Alessandro D'Ancona (20 February 1835 – 9 November 1914) was an Italian critic and writer.

==Life==
He was born in Pisa, to a wealthy Jewish family, and educated in Florence; at the age of eighteen he published his essay on the life and work of the philosopher Tommaso Campanella.

In 1855 Ancona went to Turin, nominally to study law, but in reality to act as intermediary between the Tuscan Liberals and Cavour; he was an intimate friend of Luigi Carlo Farini and represented Tuscany in the Società Nazionale. On the fall of the Austrian dynasty in Tuscany (27 April 1859), he returned to Florence, where he edited the newly founded newspaper La Nazione. In 1861 he was appointed professor of Italian literature at the University of Pisa.
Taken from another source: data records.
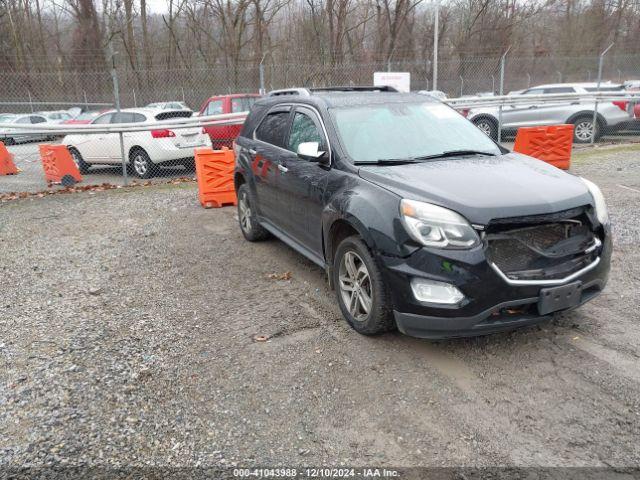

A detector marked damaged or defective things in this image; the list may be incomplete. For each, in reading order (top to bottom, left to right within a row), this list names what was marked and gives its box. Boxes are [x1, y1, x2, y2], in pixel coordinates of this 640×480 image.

damaged front bumper [378, 220, 612, 338]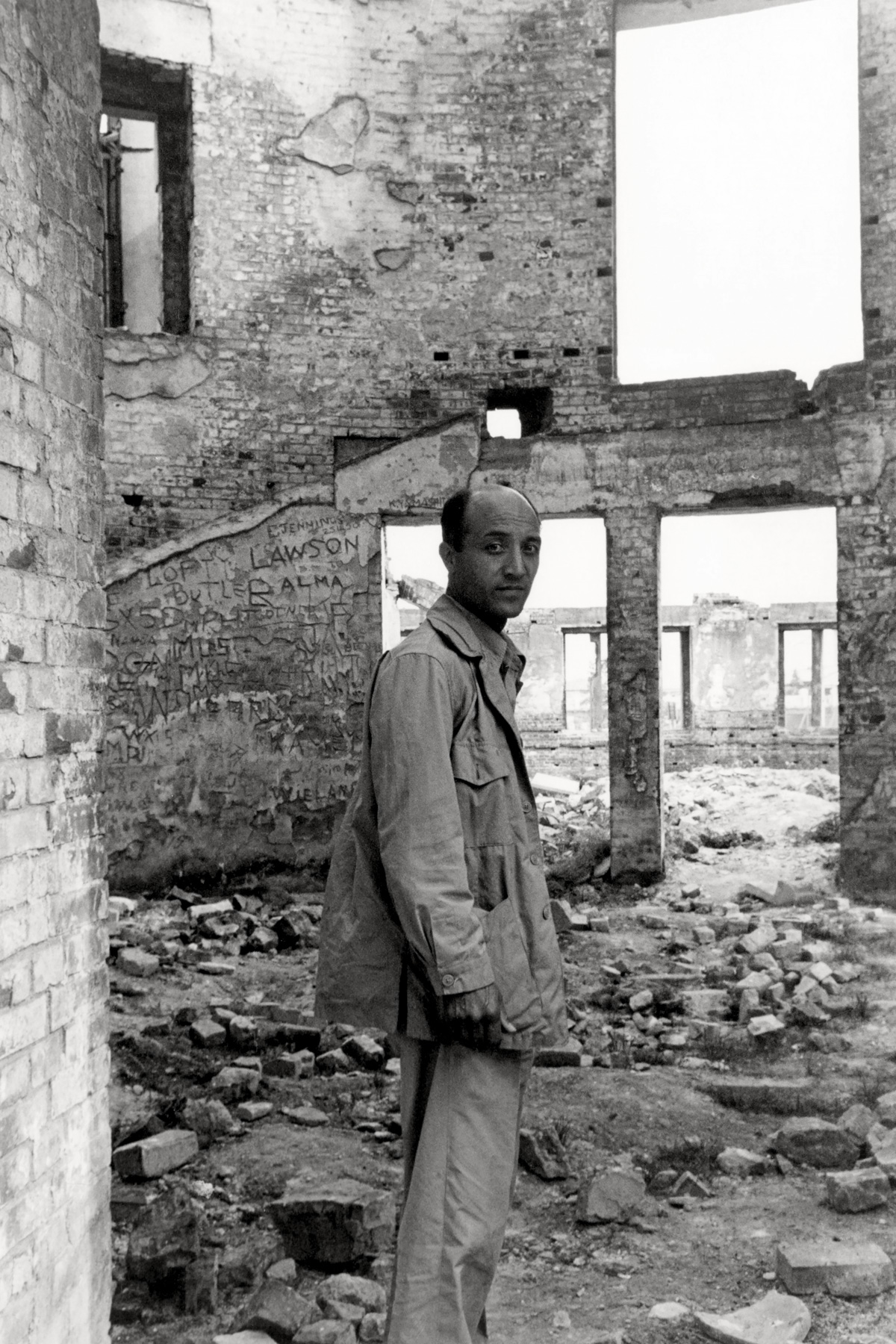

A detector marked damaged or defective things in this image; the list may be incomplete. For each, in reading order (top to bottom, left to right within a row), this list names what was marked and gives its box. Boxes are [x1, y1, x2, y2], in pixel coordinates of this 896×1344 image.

damaged doorway [657, 505, 842, 884]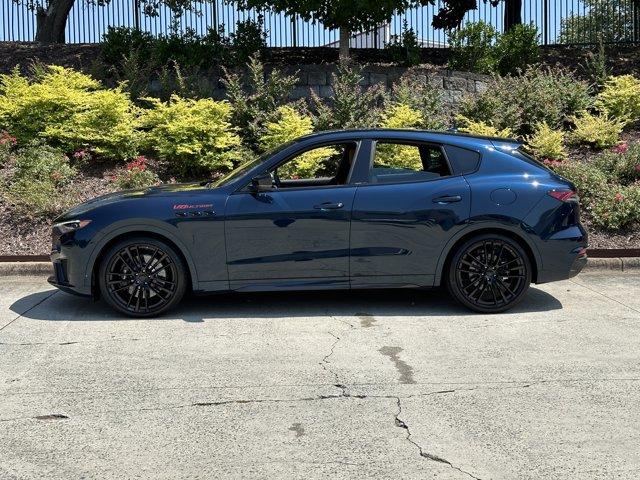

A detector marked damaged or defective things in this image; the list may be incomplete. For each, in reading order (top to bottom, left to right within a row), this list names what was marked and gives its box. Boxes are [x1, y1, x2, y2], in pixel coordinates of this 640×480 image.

cracked asphalt [1, 272, 640, 478]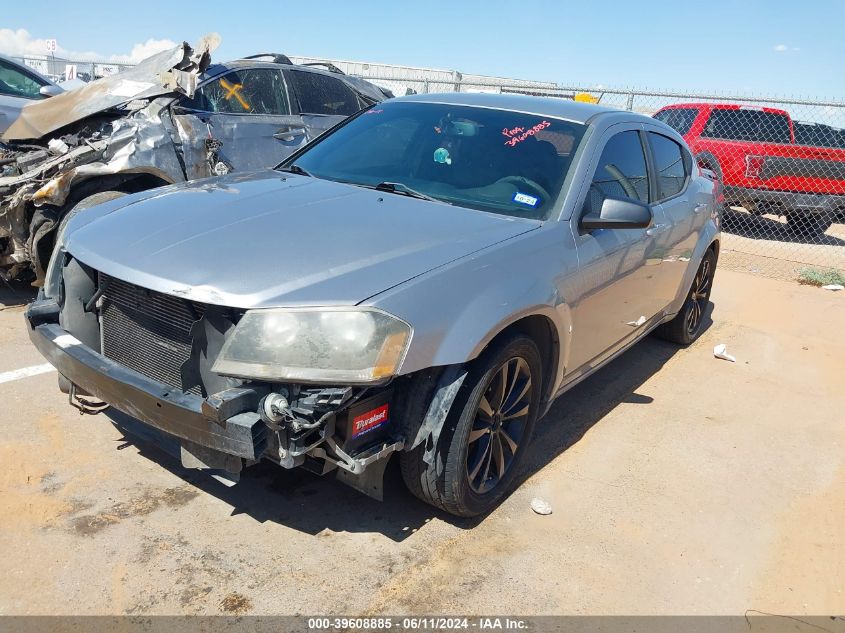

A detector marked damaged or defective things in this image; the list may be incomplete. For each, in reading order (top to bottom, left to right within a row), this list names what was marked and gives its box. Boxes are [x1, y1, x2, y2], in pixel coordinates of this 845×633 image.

front-end collision damage [0, 35, 221, 282]
wrecked vehicle [0, 40, 390, 282]
crumpled hood [67, 170, 540, 308]
wrecked vehicle [24, 95, 720, 520]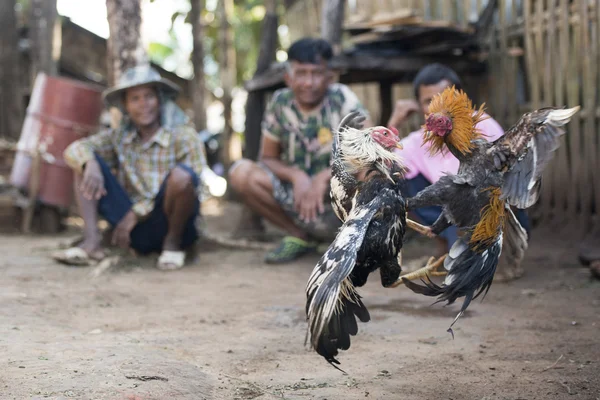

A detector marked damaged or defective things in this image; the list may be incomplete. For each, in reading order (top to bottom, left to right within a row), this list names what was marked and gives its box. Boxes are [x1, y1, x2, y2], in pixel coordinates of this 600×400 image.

rusty metal barrel [9, 72, 103, 209]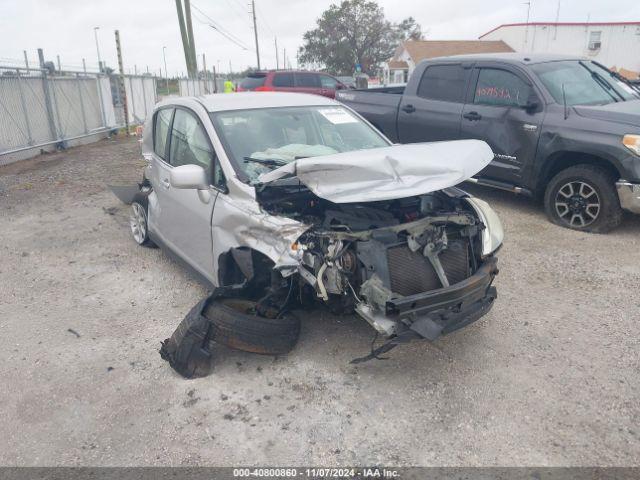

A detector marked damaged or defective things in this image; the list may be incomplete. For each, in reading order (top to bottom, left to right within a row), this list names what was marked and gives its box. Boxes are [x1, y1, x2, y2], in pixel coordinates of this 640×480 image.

crumpled hood [572, 99, 640, 127]
detached tire [204, 298, 302, 354]
severely damaged car [127, 91, 502, 376]
crumpled hood [258, 141, 496, 204]
crushed front end [255, 180, 500, 348]
damaged bumper [358, 256, 498, 340]
broken headlight [464, 197, 504, 256]
detached tire [544, 164, 620, 233]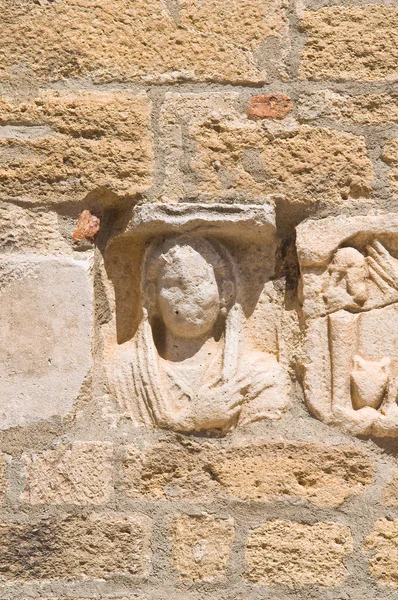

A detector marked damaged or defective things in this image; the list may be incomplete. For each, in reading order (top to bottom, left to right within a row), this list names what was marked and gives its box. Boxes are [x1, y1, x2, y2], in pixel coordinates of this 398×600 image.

damaged stonework [0, 255, 93, 428]
damaged stonework [102, 204, 290, 434]
damaged stonework [296, 214, 398, 436]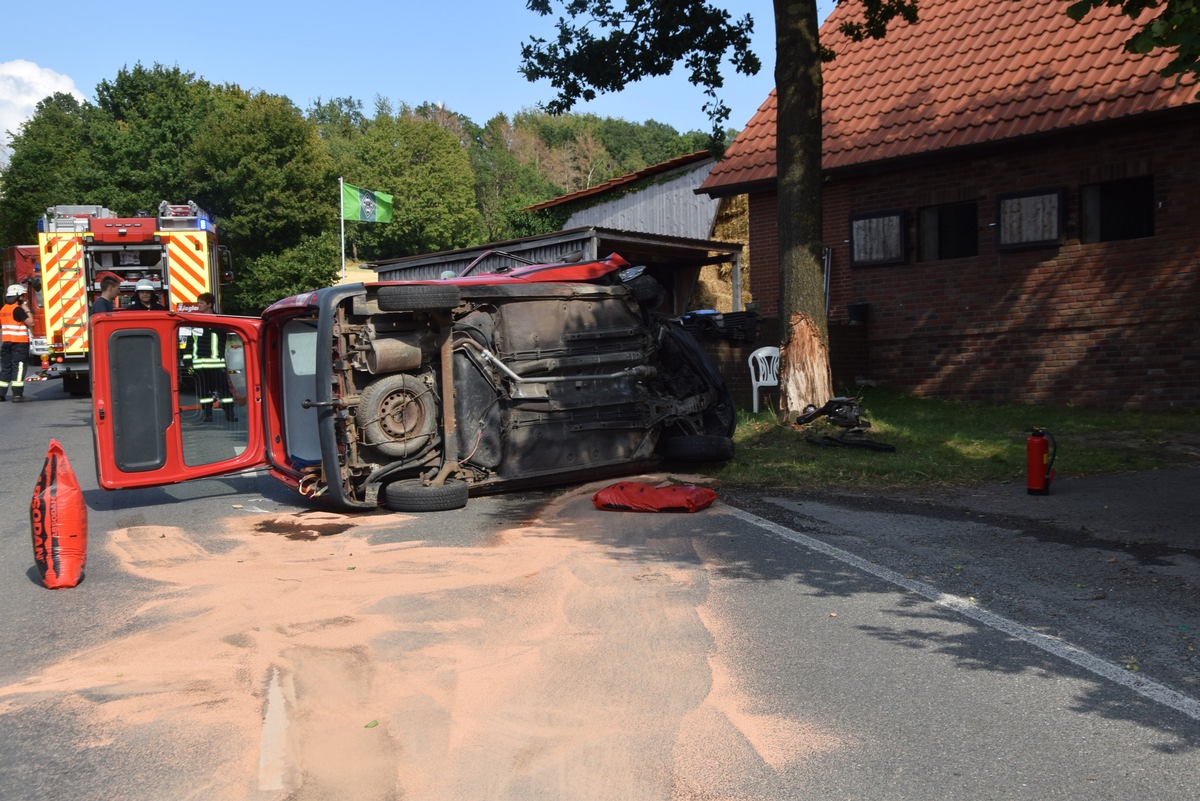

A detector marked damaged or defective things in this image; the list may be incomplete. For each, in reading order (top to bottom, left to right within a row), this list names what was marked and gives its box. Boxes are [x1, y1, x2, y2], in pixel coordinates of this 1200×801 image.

overturned red car [88, 251, 734, 513]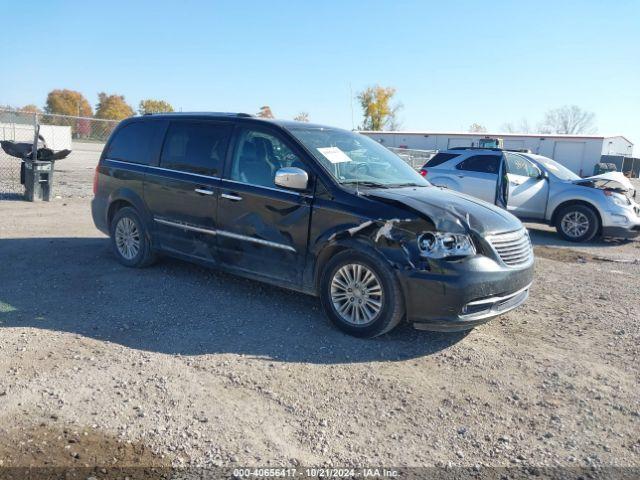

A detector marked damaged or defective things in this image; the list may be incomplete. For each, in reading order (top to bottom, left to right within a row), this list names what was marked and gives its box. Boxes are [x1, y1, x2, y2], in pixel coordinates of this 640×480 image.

damaged front bumper [400, 255, 536, 334]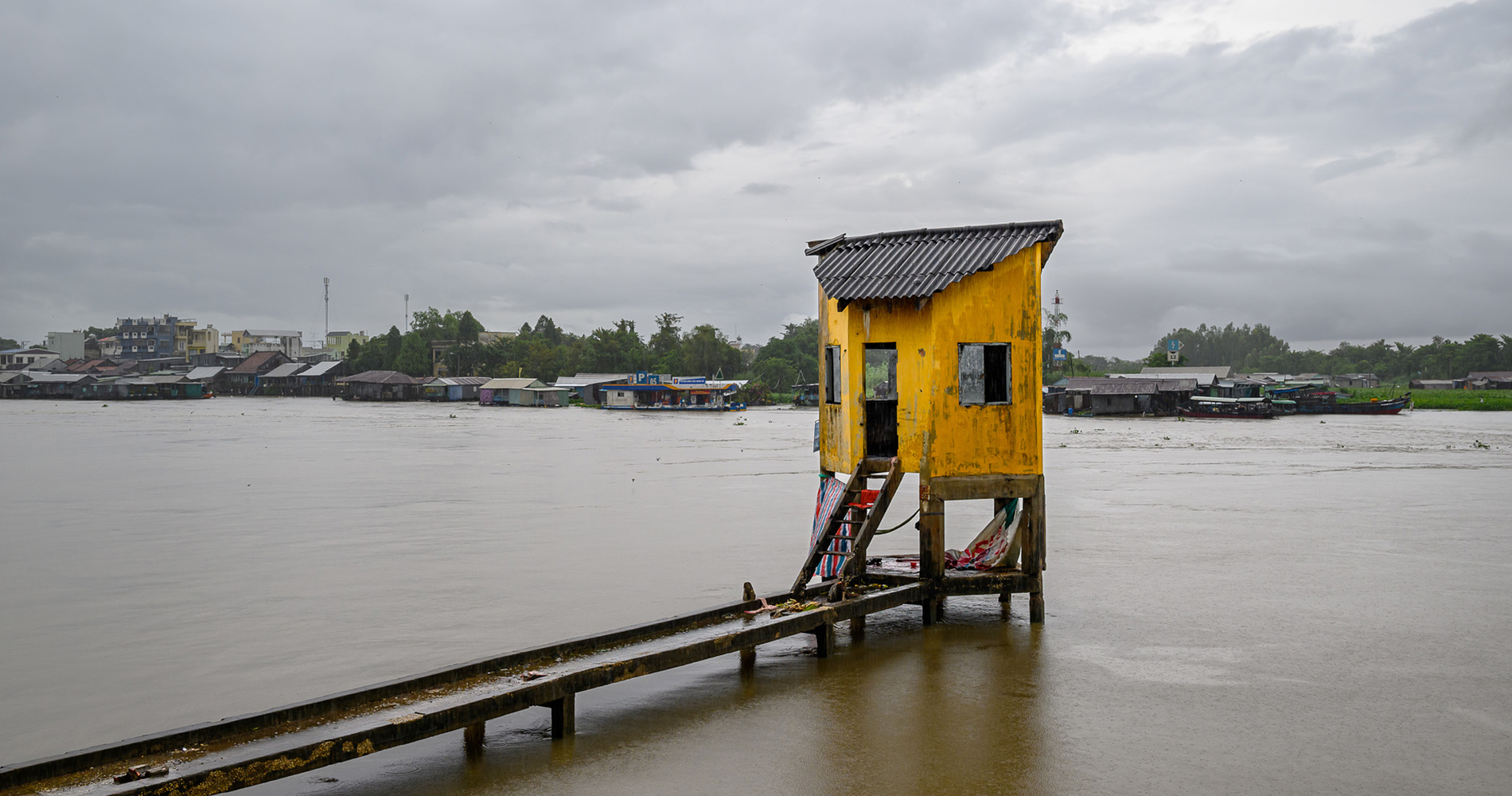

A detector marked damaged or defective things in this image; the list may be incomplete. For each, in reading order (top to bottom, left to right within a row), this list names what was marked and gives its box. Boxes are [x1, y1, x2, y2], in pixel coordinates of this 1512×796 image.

rusted roof sheet [804, 220, 1064, 302]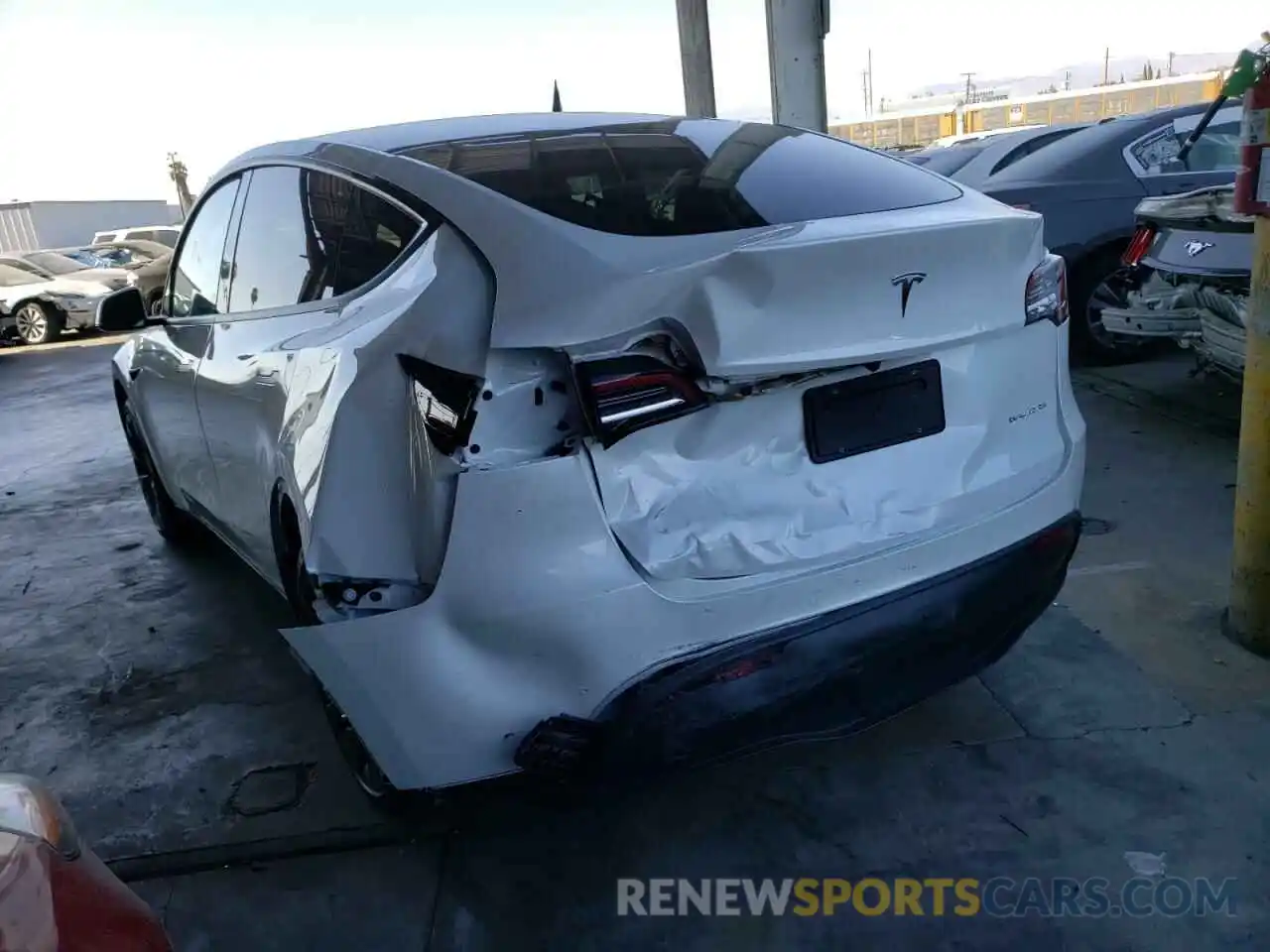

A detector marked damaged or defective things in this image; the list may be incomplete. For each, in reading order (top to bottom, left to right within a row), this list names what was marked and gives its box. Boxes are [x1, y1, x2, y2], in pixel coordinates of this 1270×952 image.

broken tail light [1024, 254, 1064, 329]
broken tail light [1119, 225, 1159, 266]
rear collision damage [1103, 184, 1254, 377]
broken tail light [397, 353, 480, 454]
damaged ford mustang [104, 113, 1087, 801]
broken tail light [579, 353, 710, 450]
rear collision damage [262, 140, 1087, 789]
missing license plate [802, 361, 945, 464]
detached bumper cover [516, 512, 1080, 774]
crumpled rear bumper [516, 512, 1080, 774]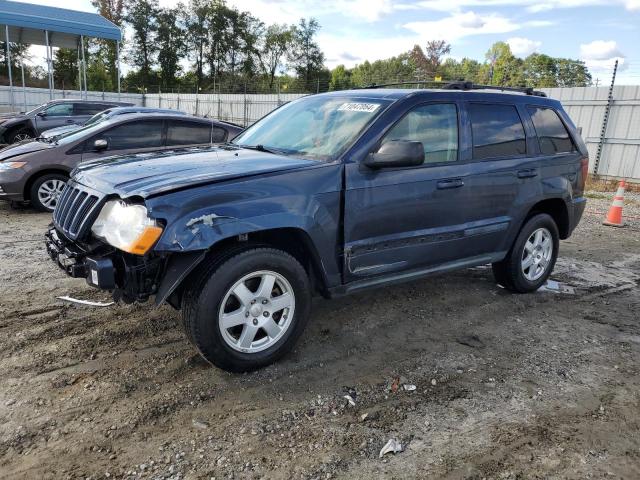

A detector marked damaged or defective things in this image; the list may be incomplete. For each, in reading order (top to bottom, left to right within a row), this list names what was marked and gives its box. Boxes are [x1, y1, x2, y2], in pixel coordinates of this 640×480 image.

crumpled hood [0, 140, 52, 160]
crumpled hood [72, 146, 320, 199]
broken headlight [91, 200, 164, 256]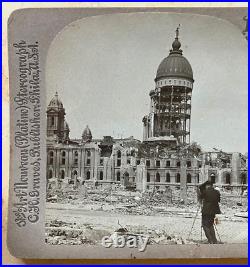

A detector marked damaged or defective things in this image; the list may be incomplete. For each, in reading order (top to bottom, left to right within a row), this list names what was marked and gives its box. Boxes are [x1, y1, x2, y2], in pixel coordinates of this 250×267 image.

damaged domed building [46, 28, 247, 195]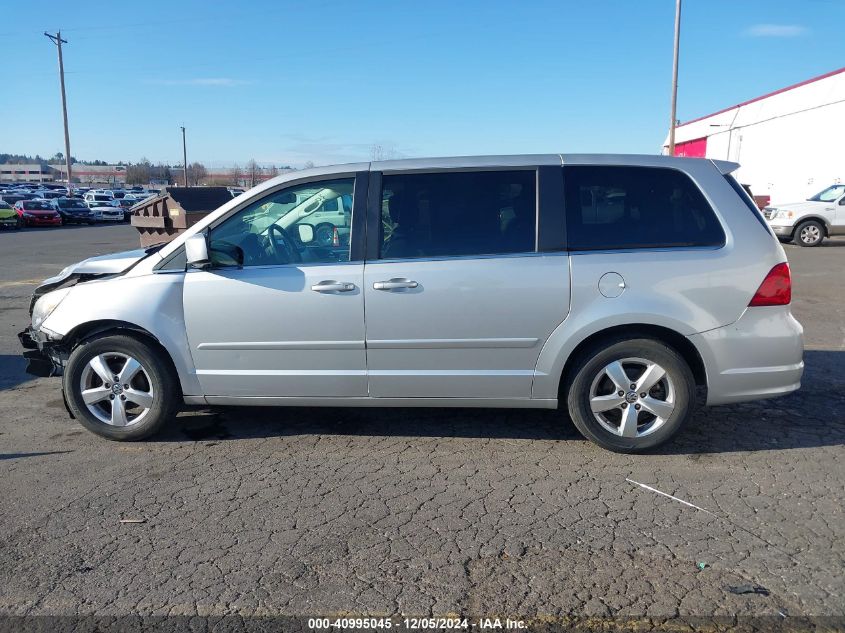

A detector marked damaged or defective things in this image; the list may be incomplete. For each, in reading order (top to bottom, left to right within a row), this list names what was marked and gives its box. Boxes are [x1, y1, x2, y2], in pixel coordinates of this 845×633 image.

damaged bumper [18, 326, 65, 376]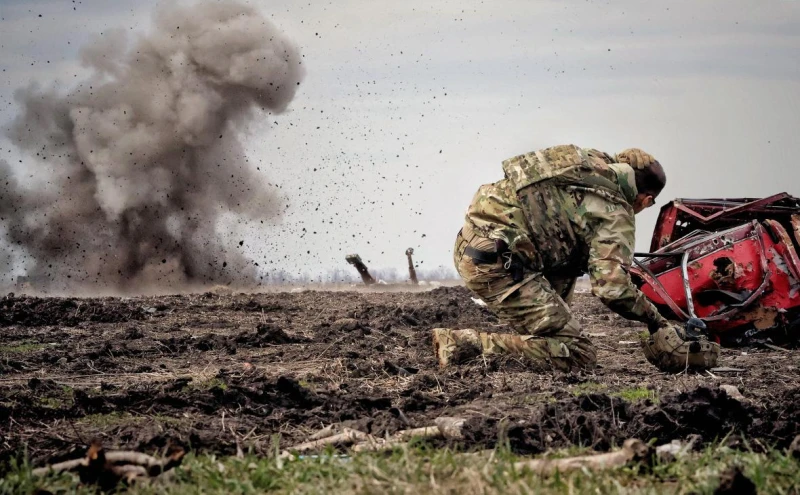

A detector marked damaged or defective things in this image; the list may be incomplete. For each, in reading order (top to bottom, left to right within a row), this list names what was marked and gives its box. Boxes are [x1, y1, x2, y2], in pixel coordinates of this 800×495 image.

In 1904 became a member of the Senate of the Kingdom of Italy.

He died in Florence.

==Works==
Among his works the following may be mentioned: Opera di Tommaso Campanella, 2 vols. (Turin, 1854); Sacre Rappresentazioni dei secoli XIV., XV., e XVI. (3 vols., Florence, 1872); Origini del Teatro in Italia (2 vols., Florence, 1877); La Poesia popolare italiana (Livorno, 1878), besides several volumes of literary essays, editions of the works of Dante and other early Italian writers, etc.